Rispondendo ad una domanda di uno scettico Augias, su dove prendono i soldi per far navigare nel mare in tempesta della crisi della stampa, questa navicella del Fatto, Padellaro ha detto che il giornale "ce lo paghiamo noi" senza ricorrere al finanziamento statale, come fanno un pò tutti. Il direttore della neonata testata, che si caratterizza come portavoce dell'anti berlusconismo allo stato puro, ha spiegato come i fondatori, tra cui lui stesso, si sono impegnati economicamente, assieme ad alcuni imprenditori, ma che la quota più importante, ed in un certo senso sorprendente, del capitale, arriva dai quasi trentamila abbonati che, senza conoscere il prodotto, hanno portato nelle casse qualcosa come cinque milioni di euro, il che garantisce un futuro piuttosto tranquillo, anche perchè le vendite, dopo il naturale boom iniziale, si starebbero attestando intorno alle centomila copie. Sottratte a chi?. E' ancora presto per stabilirlo, ma noi crediamo che a pagare pegno sarà, in primis, l'Unità, e poi Repubblica, Manifesto, e i fogli di Rifondazione, tra cui il recente gli Altri, diretto dal transfuga Sansonetti, costretto a trasformarsi dopo poco tempo in settimanale.

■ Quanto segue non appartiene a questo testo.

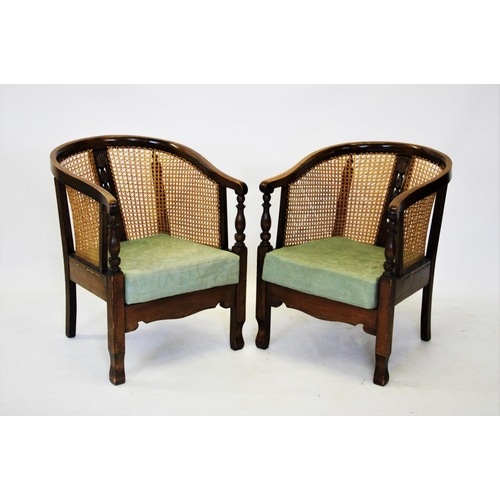 722 - A pair of early 20th century stained beech wood rattan tub chairs, the horse shoe shaped top rail, a...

Antonio Padellaro ha poi sottolineato come alcuni giornalisti, firme importanti di testate nazionali, come Travaglio, Peter Gomez, Marco Lillo e Luca Telese, abbiano abbandonato comode e ben retribuite postazioni per gettarsi nell'avventura del Fatto cui, prima dell'esplosione di abbonamenti, cosa mai vista in campo editoriale, nessuno dava molto credito.
A questo punto a me, che di testate ne ho cambiate, lasciando posizioni importanti, come quando dall'Ansa me ne andai ad Oggisud, e in tanti mi considerarono un pazzo, sono venute in mente le parole che Piero Ottone, all'epoca direttore del Corriere della Sera, mi disse mentre lo accompagnavo a Scilla, durante una pausa del maxi processo alla 'ndrangheta anni 80, che si stava svolgendo a Reggio. Lui era stato citato come teste, a seguito di un editoriale che aveva scritto e riguardante il centro siderurgico di Gioia Tauro, che aveva acceso gli appetiti delle cosche.
"Cambiare, nel nostro mestiere, mi disse, fa bene, ci aiuta a rigenerarsi, è come quando ti fanno una trasfusione". Niente di più vero, almeno per quanto mi riguarda. C'è chi, invece, non si scolla dalle poltrone per godersi il meritato (?) riposo neppure quando l'età lo consiglierebbe. Del resto, tolti dalle loro stanze di potere, non saprebbero cosa fare.